In parallelo, affermando che l’intelligenza media degli italiani corrispondeva a quella di un ragazzo di seconda media che nemmeno siede al primo banco, egli tendeva a giustificare la riduzione degli investimenti in settori chiave come l’istruzione, contribuendo ad un lungo declino economico e sociale.
Infine, scandali personali, leggi ad personam, compravendita di senatori e procedimenti giudiziari, come le indagini per concorso esterno in associazione mafiosa e il caso Mediaset, il solo procedimento che ha portato a una condanna definitiva passata in giudicato, hanno ulteriormente abbassato il livello dell’etica pubblica e della politica, alimentando sfiducia e cinismo nella società italiana.
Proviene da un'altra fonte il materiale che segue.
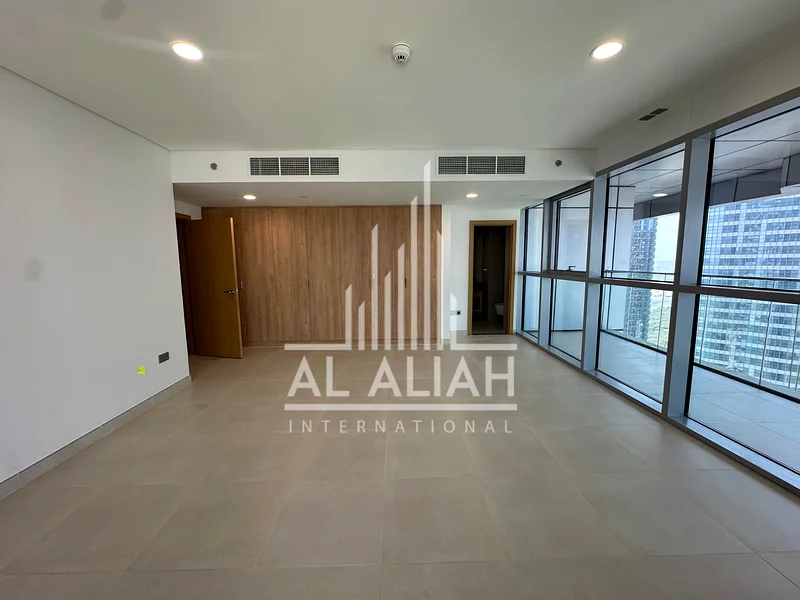 Premium 5BHK Penthouse for Sale Huge Layout Invest Now63842739260675114
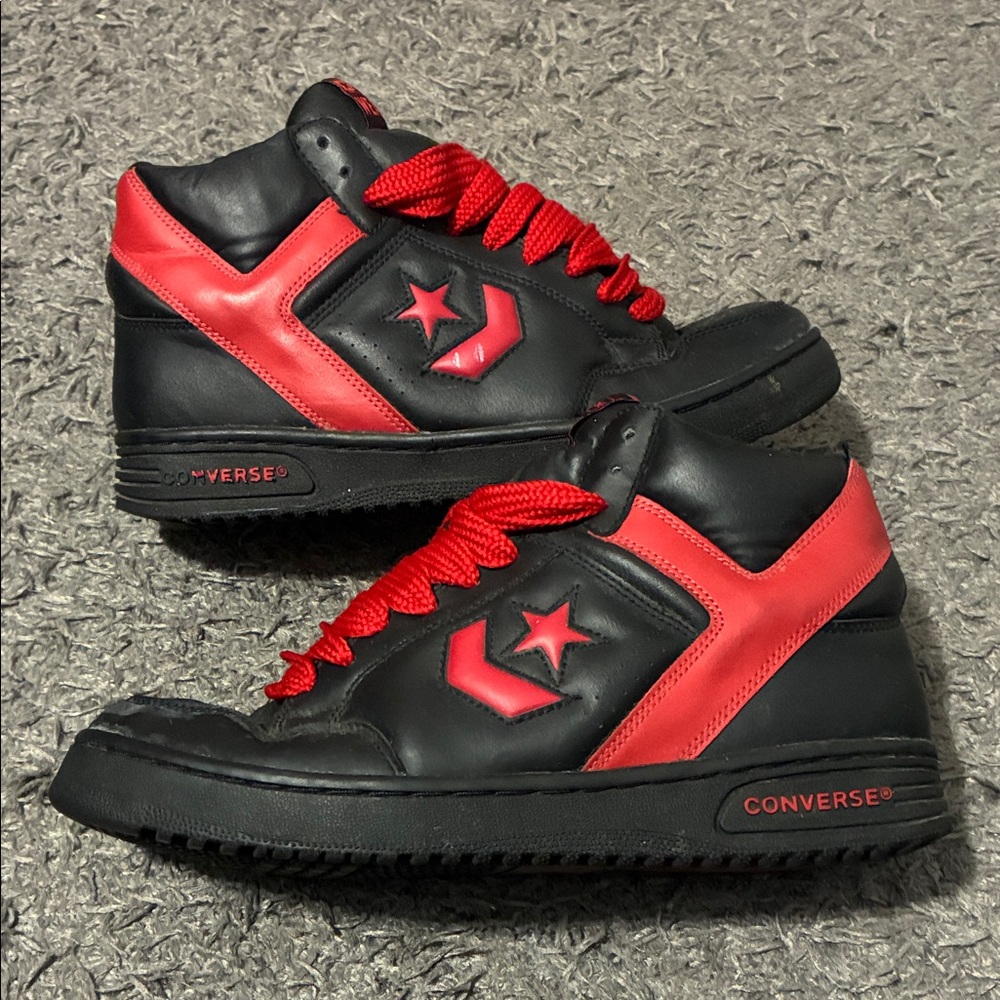 Vintage converse weapon
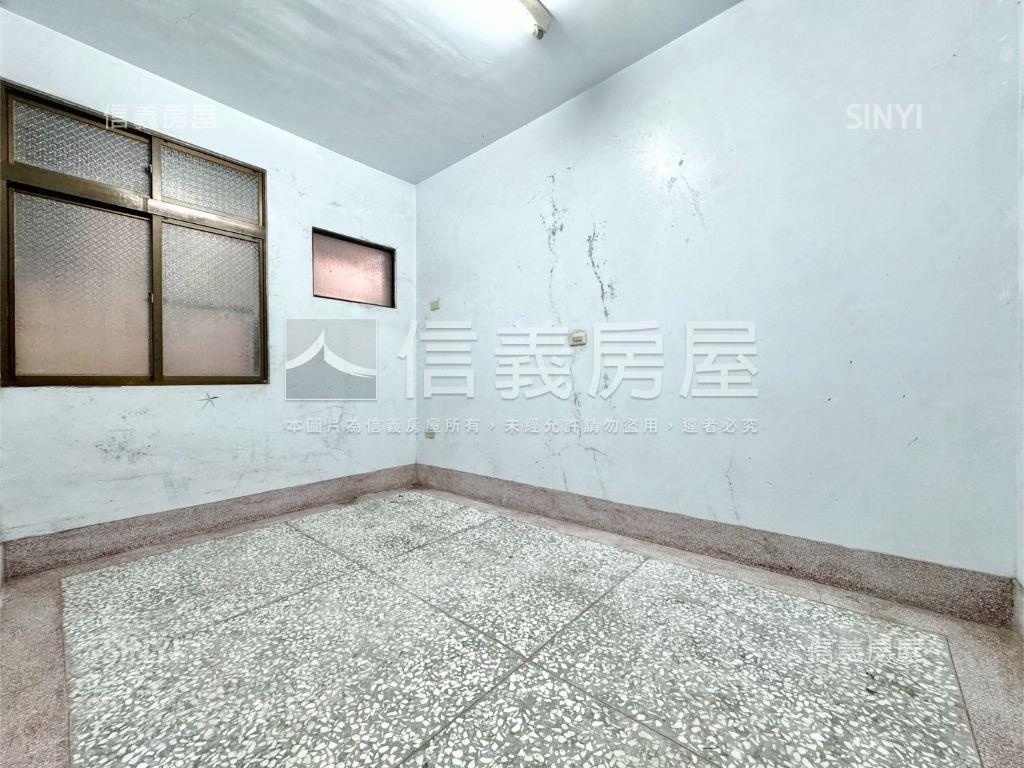 近仕隆國小低總價透天房屋室內格局與周邊環境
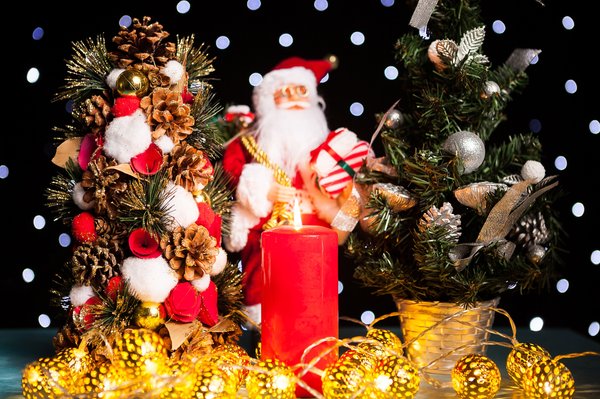 Transformez votre décor avec des figurines de père noël enchantées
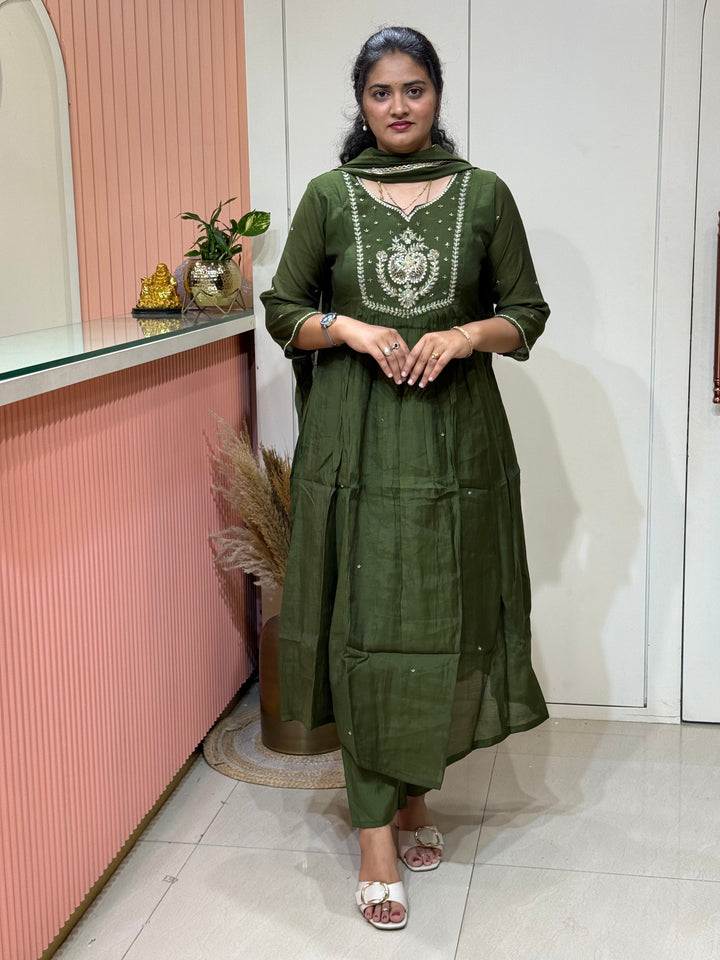 Coral Mul Chanderi with Cut Dana work | R209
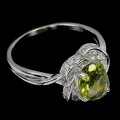 Silberner zarter Ring Größe 17 natürlicher Peridot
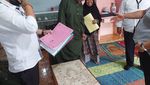 Dijemput Polisi, Pria Penghina Presiden Cengar-cengir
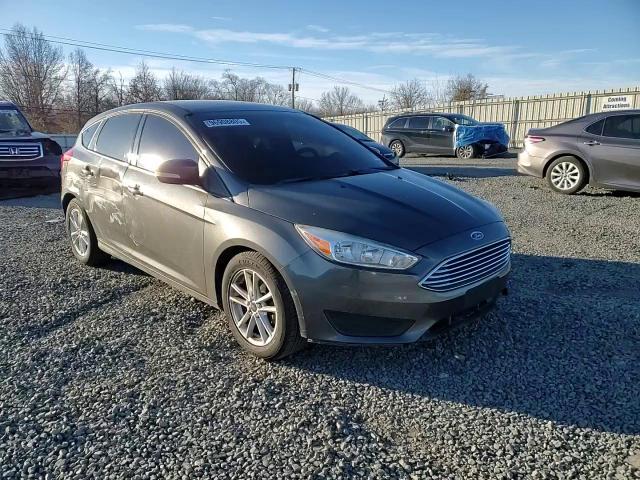 2015 Ford Focus Se VIN: 1FADP3K21FL370383 Lot: 96908805
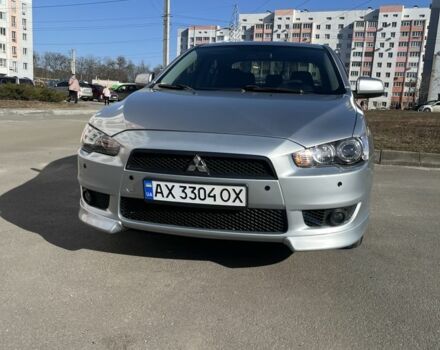 Серый Мицубиси Лансер, объемом двигателя 1.5 л и пробегом 157 тыс. км за 6000 $, фото 1 на Automoto.ua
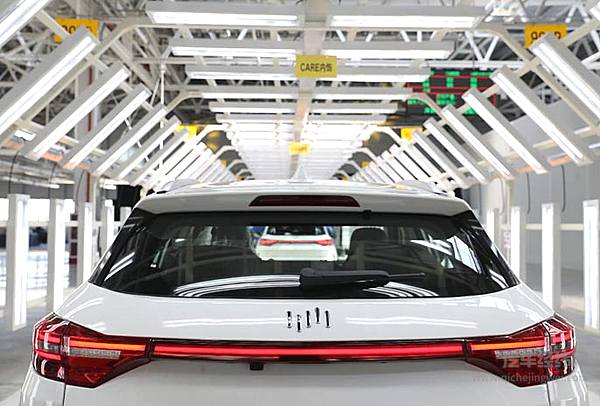 威马新能源汽车智能产业园生产线全面贯通  EX5首台量产车试装下线 上市交付在即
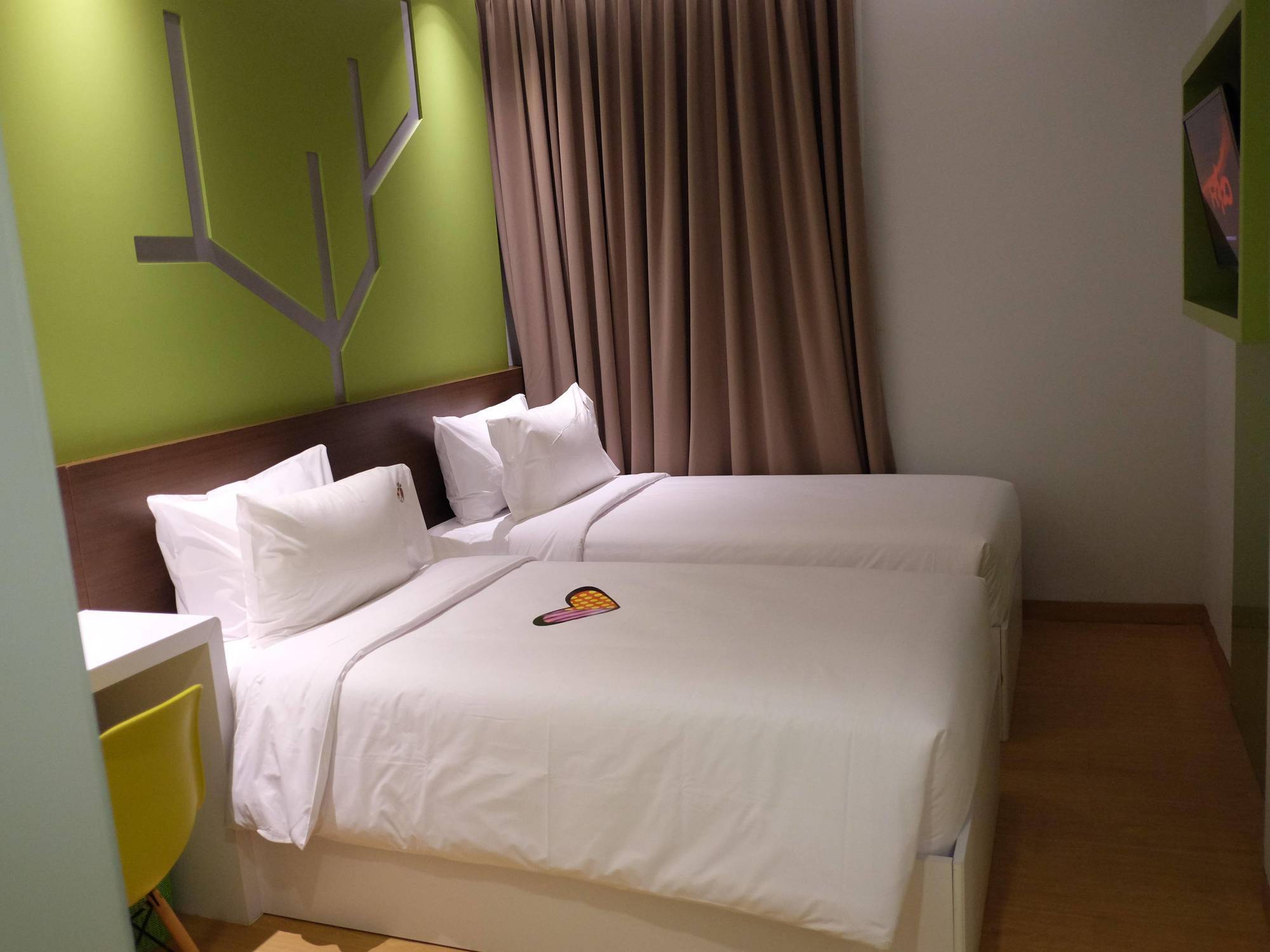 Maxonehotels.Com At Pemuda Jakarta Exteriör bild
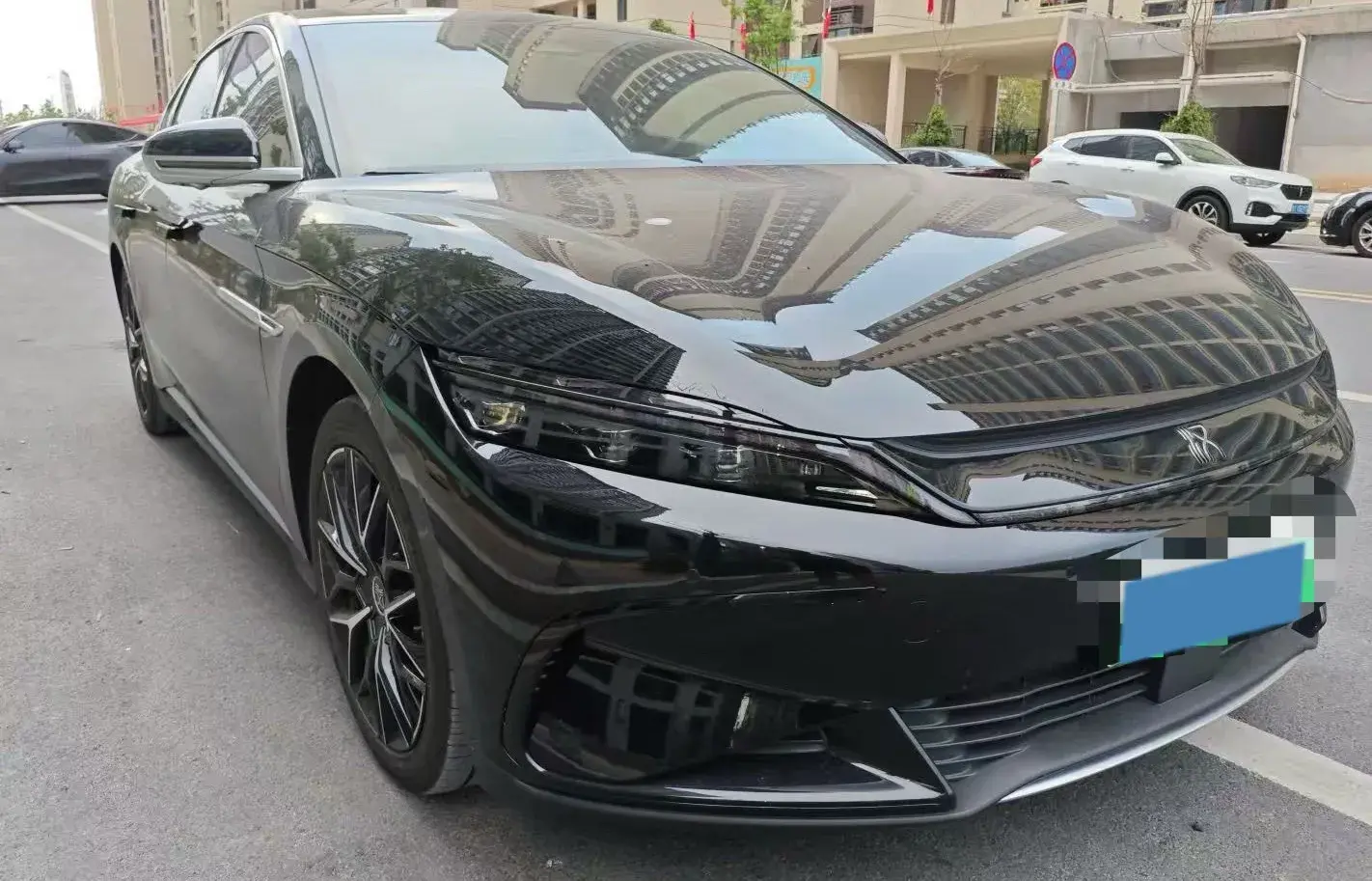 2025 BYD HAN thumbnail 2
Lì tutto è nato… lì tutto ha iniziato a morire!
Quando la cronaca si farà storia, nulla resterà come prima.
Per sintetizzare un contesto storico rilevante che attiene alla storia del Banco di Napoli, nel 1997 il potere politico, con ministro del Tesoro Carlo Azeglio Ciampi, dispose la fine del secolare istituto al fine di salvare la BNL.
Il 60% del capitale ordinario del Banco di Napoli fu ceduto alla società Banco di Napoli Holding, costituita dall’INA e dalla BNL, per un prezzo pattuito di 61,6 miliardi di lire.
Un raffronto singolare, legato al calciatore Christian Vieri, porta inevitabilmente a tristi e amare considerazioni sul valore attribuito ai patrimoni storici italiani e sulle scelte di politica economica e finanziaria dell’epoca.
1997 (Juventus → Atletico Madrid): circa 34 miliardi di lire.
1998 (Atletico Madrid → Lazio): circa 55 miliardi di lire.
1999 (Lazio → Inter): circa 90-100 miliardi di lire.
Il San Paolo IMI ha acquistato il Banco di Napoli all’inizio degli anni 2000, per una cifra complessiva vicina ai 6.000 miliardi di lire, una plusvalenza enorme rispetto ai circa 61 miliardi di lire iniziali.